The outgoing commander of Nato forces, Gen John Allen, is even more ebullient: “Afghan forces are defending Afghan people and enabling the government of this country to serve its citizens. This is victory. This is what winning looks like, and we should not shrink from using these words.”
The reality in Sangin is very different.
I spent five weeks embedded with US Marines, who took over the region from British troops in 2010. I hoped to gain a true sense of what progress has been made in readying the Afghan forces to secure the area.
During my time in Sangin, just two teams of 18 US Marines went out every few days to advise the Afghan army and police across the district.
The remaining American forces have withdrawn to the main forward operating base, which they rarely leave.
Because of the growing risk of deadly insider – or “green on blue” – attacks, the Americans live completely apart from their Afghan counterparts. Whenever the Americans enter the Afghan side of the base, they have their weapons cocked, ready to fire.
When they did go out, what the marines saw was far from encouraging. At one checkpoint, the Afghan police were openly smoking marijuana. Two other police officers, assigned to fill sandbags to fortify a watchtower, were high on something stronger – probably opium or heroin. When one of the police commanders was shot, three weeks after I left, the American medics who saved him found a bag of heroin in his pocket.
Major Bill Steuber is leading the police advisory team, and spends much of his time at headquarters with the police leadership.
He said corruption is rampant, and even compared it to the American television show The Sopranos.
“It’s vast,” he said, “everything from skimming ammunition off their supplies to skimming fuel off their shipments.
“There’s false imprisonment – they’ll take people during an engagement, and they’ll just wrap everyone up, then they’ll wait for the families to come in and pay them money to be able to release them.”
He said the police sometimes sell ammunition and weapons in the local bazaar, including rocket-propelled grenades. So weapons paid for by the allied forces could well be ending up in the hands of the Taliban.
In one instance, a patrol base was deemed unsafe to stay in because the Afghan police were selling off the security walls as scrap metal.
Major Steuber said the foreign military working here have to accept the limitations on what they can hope to achieve.
He said that because the Afghan police were unable to sustain themselves, sometimes corruption was the only way they could function.
“If we were to go in and shut down all of their schemes, all of their corruption schemes, you would render them completely ineffective,” he said.
But there are issues Major Steuber said need to be tackled head-on – including the sexual abuse of young boys by local police commanders.
On every police base I visited in Sangin, there were young boys: some were armed, and some looked like servants.
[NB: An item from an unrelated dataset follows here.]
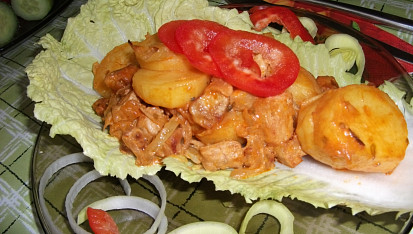 Brambory s lečem a vepřovým masem zapečené v troubě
They are known as “chai boys”.
Major Steuber says they are often sexually abused.
The problem is widespread. While I was in Sangin, four boys were shot while trying to escape police commanders, three of them fatally. None of the commanders responsible were arrested.
Sangin Deputy Police Chief Qhattab Khan admitted this abuse is taking place, and promised to take action.
He told Major Steuber: “The kids themselves want to stay at the patrol bases and give their bodies at night… There is no humanity. There is no military command”.
Mr Khan retired before any action was taken to free the chai boys. To date they have not been released.
“Try doing that day in, day out,” said Major Steuber, “working with child molesters, working with people who are robbing people, murdering them. It wears on you after a while.”
The Afghan government says it is fighting corruption and that the police and armed forces are ready and willing to take full responsibility for the security of their country.
Ministry of Interior Spokesman Sediq Sediqi, said the Afghan Government would investigate the claims of corruption and abuse, highlighted by Panorama.
But from what I saw, corruption and criminality are widespread among the police in Sangin. This is exactly the kind of behaviour that led many Afghans to welcome the Taliban when they swept to power in 1996. Is this what all the fighting and bloodshed has been for?
Ben Anderson has travelled to Helmand province many times since 2007. He has written a book about his experiences there – No Worse Enemy.